Task to carry out: Once the line with "Pants Denim Embroidered" is found in the entries below, print it and each following line exactly, stopping after the line with "Pug Candy Cane"; print nothing else.
(Beginning of Dataset excerpts)
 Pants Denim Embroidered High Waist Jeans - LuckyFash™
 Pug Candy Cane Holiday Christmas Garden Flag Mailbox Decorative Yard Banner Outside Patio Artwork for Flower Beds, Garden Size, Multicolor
(End of Dataset excerpts)
(Beginning of Dataset excerpts)
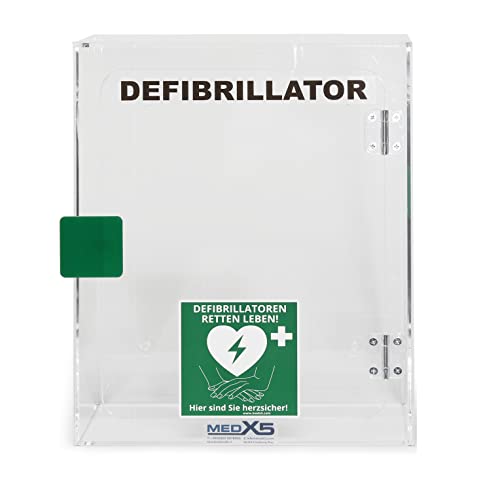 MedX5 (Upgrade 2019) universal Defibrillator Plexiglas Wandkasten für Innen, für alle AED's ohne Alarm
(End of Dataset excerpts)
(Beginning of Dataset excerpts)
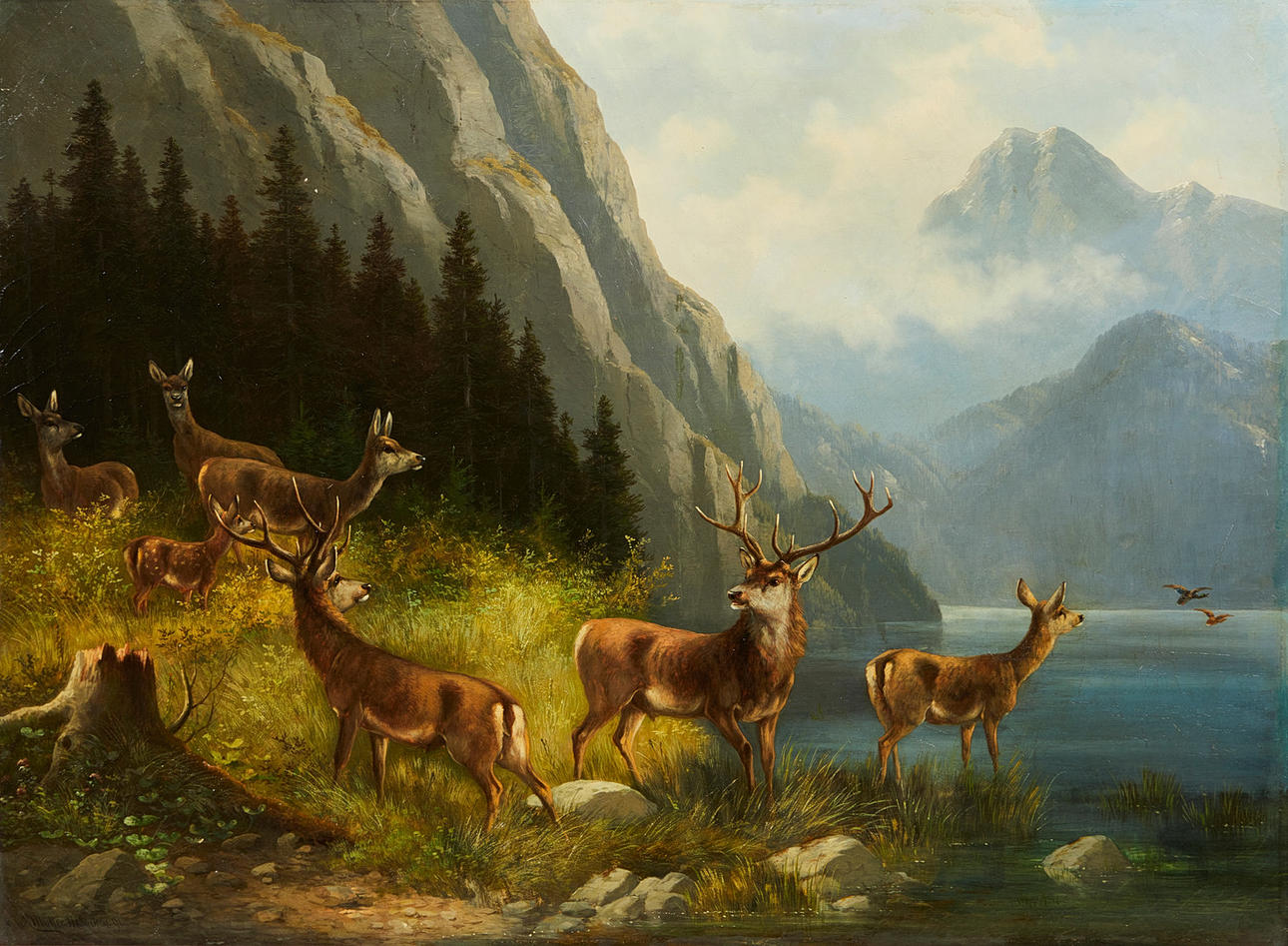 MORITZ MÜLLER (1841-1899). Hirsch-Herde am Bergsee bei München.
(End of Dataset excerpts)
Finished exercise:
 Pants Denim Embroidered High Waist Jeans - LuckyFash™
 Pug Candy Cane Holiday Christmas Garden Flag Mailbox Decorative Yard Banner Outside Patio Artwork for Flower Beds, Garden Size, Multicolor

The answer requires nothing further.